Business minister Nadhim Zahawi made all the right noises about Brexit at yesterday’s LEAD summit. Or at least the noises you would expect.
“A future trade deal must cover goods and services,” he told the annual Advertising Association event. “We want advertising to grow and flourish in the new era globally. We need to throw ourselves into securing free trade agreements across the world to open up export opportunities … giving you the chance to swell your exports, and, I hope, expand your reach even further”.
Fine words, but achieving these aims was always going to be difficult within the timescale the government has set itself and the task is made doubly so by the intention to conduct simultaneous trade talks with the EU and the US.
As former House of Commons Speaker John Bercow pointed out to the audience, getting such deals are going to be “time-consuming, multi-faceted, complex and nuanced matters”. And in a US election year, he added, “it is Panglossian optimism to suppose that he [President Trump] is going to put British interests before American interests. And the idea that he will put any interests before his own is off-the-scale barking.”
Barking or “exuberant and self-confident”? That’s the description political commentator Steve Richards gave to Boris Johnson’s new government. The Prime Minister may be omnipotent now, he said, but the “seeds of future tension” are already being sown – most obviously in the decisions being made around the HS2 rail link and Huawei's place in the country's 5G strategy, but also in the approach to trade talks.

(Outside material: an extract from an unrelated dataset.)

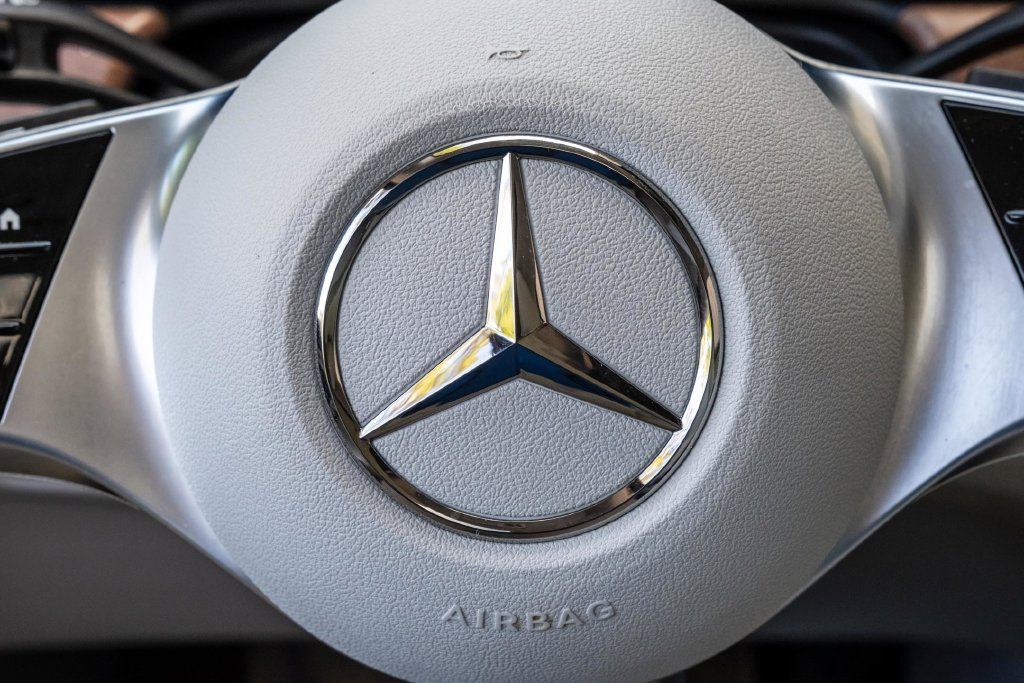 Used 2023 Mercedes-Benz EQE 350+ 4MATIC SUV image 23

For all that “Get Brexit done” was a great election slogan, with its appeal to Brexit fatigue and including an element of truth, 11pm on Friday 31 January won’t be the end of it. There’s 11 months of trade talks to come, but in reality there’s far, far less time, Richards pointed out.

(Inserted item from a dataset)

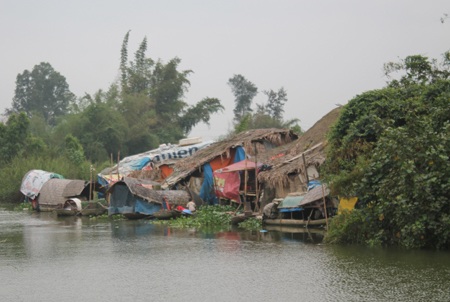Xóm nổi trong lòng thành phố - 2 Sự tạm bợ, nhếch nhác là điều dễ nhận thấy ở xóm ngụ cư này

“The trade talks won’t begin until probably March,” he suggested. “They have to be ratified by all the EU parliaments so the assumption is that talks would have to end by October. Now the EU takes August off, and if we’re honest, July and bits of September as well.” So, six months max to conduct and complete all the talks on goods and services that Zahawi promises?
“That will not happen,” Richards stated. “It is literally impossible.”

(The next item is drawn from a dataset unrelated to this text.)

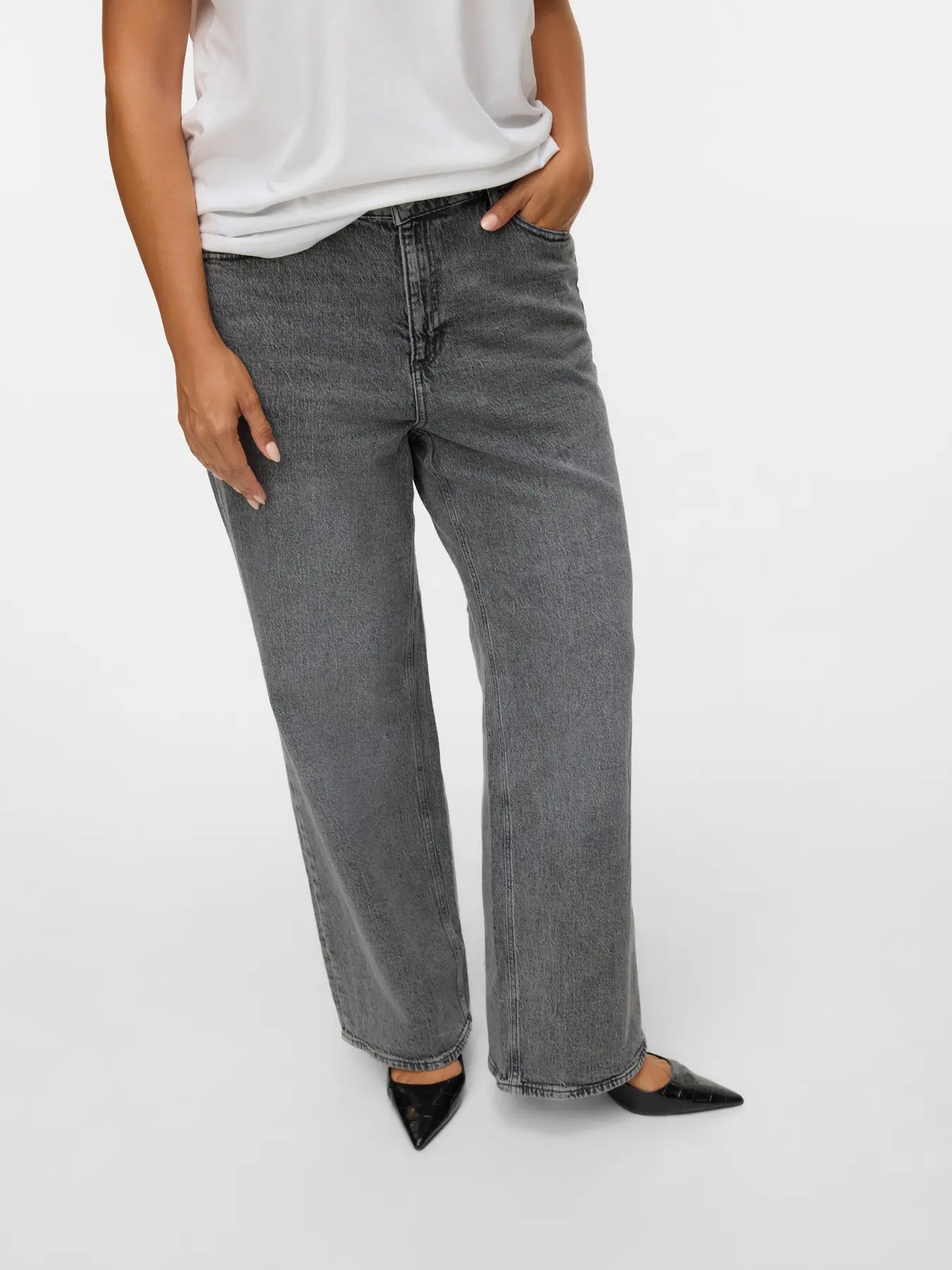 VMCTESSA HR WIDE JEANS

But, he continued, “there is, I think, no appetite in the pysche of Boris Johnson to contemplate a no deal”. So will the PM ask for an extension to talks in July, as the process requires, even though he’s already said he won’t? “Look at how prime ministers become trapped during their honeymoons,” Richards mused.
The most that can be achieved, he said, is a cosmetic trade deal “with lots more talk to come”. And if even that low bar isn’t reached, then – Groundhog Day – we’re back to a cliff-edge departure in December.
Not a whole lot of certainty there for businesses to work with, but, for now, there’s a “mini-Boris bounce”, according to GfK’s January Consumer Confidence Barometer. It’s risen for the second month in a row, up two points to -9; people are more optimistic about their personal financial situation and the general economic situation.
How long that will continue is anyone’s guess. As well as the progress of trade talks there are many other things out there that have the potential to derail this glimmer of hope, from climate change to the spread of the coronavirus.
The only near certainty is that Richards will have plenty of material to work with at LEAD 2021.